The markets have not yet thought about it, but the biggest threat to the Euro is not Greece, Ireland or Portugal, but the dangers posed by the fourth largest economy in Europe, which is also the third largest in the Eurozone, that of Italy. Italy is passing austerity measures but the measures may not be enough. The problem that the Euro faces is that there is little central control over the EU economy, control that exists affects states within Europe that have not adopted the Euro, as well as those that have.

Eleven years ago when the merits of the Euro were debated I argued against it. I was not fondly wishing to hold on to the pound sterling for sentimental reasons. I felt that there was a case for economies that were strong then to have a single currency.
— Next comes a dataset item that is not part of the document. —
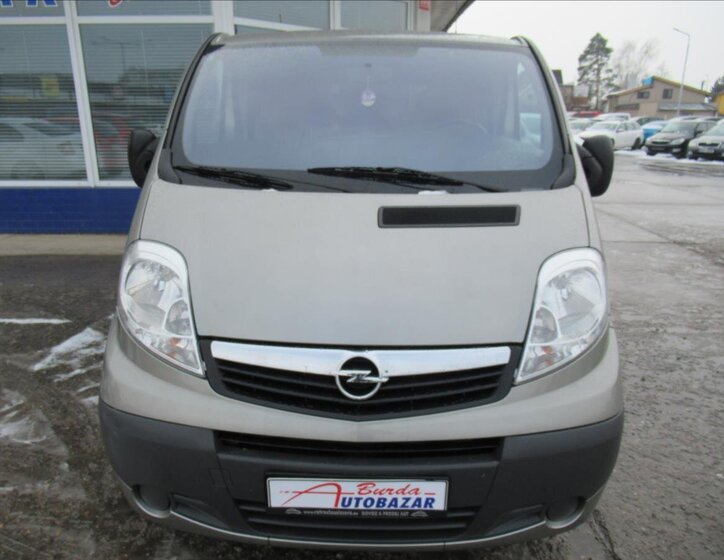 Opel Vivaro Ostatní 2,5 l 84 kw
That meant Germany, France and the Benelux countries.  I argued that whatever controls were used as a qualification for joining the Euro, Italy, Greece and Portugal would probably either cook the books or get a free pass to join the Euro, with sins and lack of qualifications overlooked.

My argument was countered by those who pointed to the many diverse economies of the numerous states of the USA, which all adopt a single currency. If the USA can manage with a single currency, the argument went, then so could Europe.  I perceived the difference as being that the United States is one state, one nation where the Federal government can impose controls and enforce financial regulations.

Now we see that the adoption of the Euro by states that did not qualify for it and have not the discipline or the same economic weltanschaung as the qualified states was a political dream that has created an economic nightmare. Making economic decisions to fulfil political dreams shatters both economies and political aspirations, as the two are often intertwined.

The Euro problem is disguised by the fact that the US dollar is weak, the Yen is weak, the pound sterling is weak, all for their own similar reasons, and the lack of willingness for China to continue to support the dollar. All the major currencies are dropping in unison, dropping like stones, and you can measure the drop best by looking at the Swiss Franc, which is a traditional flight currency, and the price of gold.

I do not know when things may change or what the end result of this turbulence is, but as usual the poor will pay, through inflation of prices or deflation of their savings, which amount to one and the same thing.